Similarly another problem using same equation

Two cylinders P and Q of radii in the ratio 1:2 are soldered co axially. The free end of P is clamped and the free end of B is twisted by an angle of 17 degree. Determine the twist at the junction,if the cylinders are of the same length and made of the same material?

The answer I got is 17*16,i.e twist=272 degree.

But here also answer provided is wrong from my point of view.It is given only 16 degree.

If I have made any mistake,kindly correct me with explanation.

 

[CWatters]

Just a guess but did you use the diameter instead of the radius? I've not checked if that's the case. Perhaps show your working.

 

[easwar2641993]

Just a guess but did you use the diameter instead of the radius? I've not checked if that's the case. Perhaps show your working.

No .I used radius.

2.5Nm = (∏*n*(4*10 raised to -3)raised to 4*15*10 raised to -2)/2
i.e n = (2.5*2)/(∏*(4*10 raised to -3)raised to 4*15*10 raised to -2)
=>n=4.14*10 raised to 10 N/m square.

This is the answer for 1st question.

For the second.
Let the radius of P be r.Hence from the given ration,the radius of Q will be 2r.Given that length,rigidity modulus,length of both cylinders are EQUAL.Also for this case Torque,ζ is same for 2 cylinders.
For the first cylinder Q,
ζ/∅(q)=(∏n(2r)raised to 4)/2l
ζ/∅(q)=(16∏n(r)raised to 4)/2l ->equation(1) ; {∅(q) is the angle of twist of the cylinder Q}

For the second cylinder P,
ζ/∅(p)=(∏n(r)raised to 4)/2l ->equation(2) ; {∅(p) is the angle of twist of the cylinder P}

From equations (1) & (2),we have

ζ/∅(q)=16* ζ/∅(p)
But ∅(q) = 17 degree,it is given.And cancelling ζ on both sides
1/17=16/∅(p)

i.e ∅(p)=17*16=272 degree.

If there is anything to clear let me know.And if there is any mistake in my calculations or answers provided by the questions are wrong,then kindly inform me.

 

[CWatters]

Perhaps it's me but I'm having a hard time understanding where this equation came from and what is raised to what power..

Torque,ζ=(∏n[r][/4]∅)/2l

How did you get that and can you use the "go advanced" button. Let's you add superscripts.

 

[easwar2641993]

Perhaps it's me but I'm having a hard time understanding where this equation came from and what is raised to what power..



How did you get that and can you use the "go advanced" button. Let's you add superscripts.

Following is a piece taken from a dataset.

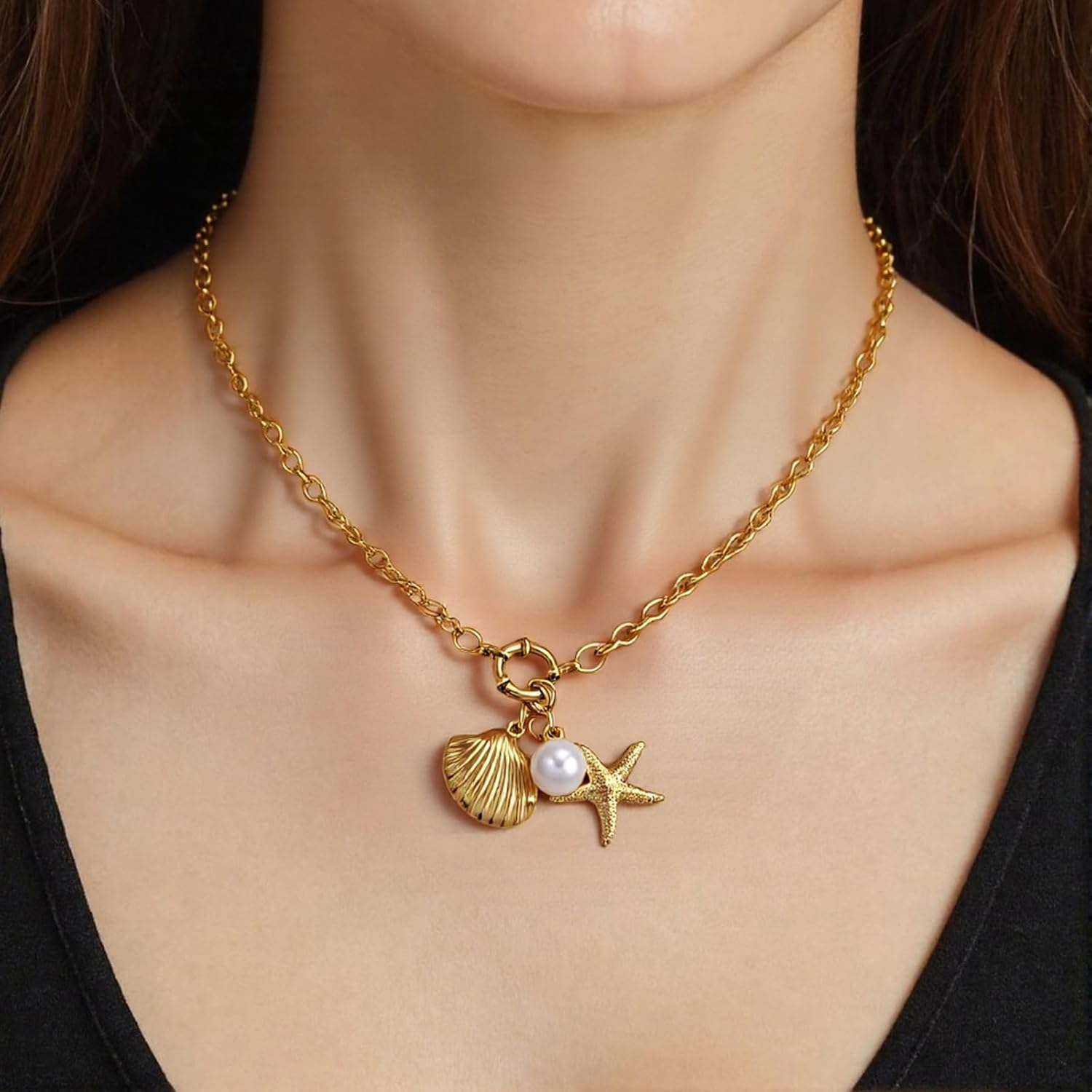 Shell Pearl Starfish Gold Chain Necklace Beach Layering Statement Choker Adjustable for Fashion Women Summer Holiday Ocean Charm Jewelry Gift - Image 2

Actually I have no idea how to raise terms to some power here.But I will repeat that
ζ=(∏*n*r raised to 4*∅)/2l
where ζ is the torque acting on the body,∏ is pie or 3.14,n is the Rigidity modulus of the material of the cylinder,r is the radius of it,∅ is the angle of twist,and l is the length of the cylinder.
Actually this is the equation of Torsional Couple. I don't know whether this problem should be posted on "Advanced Section" of this forum.By the way I am undergraduate Physics student.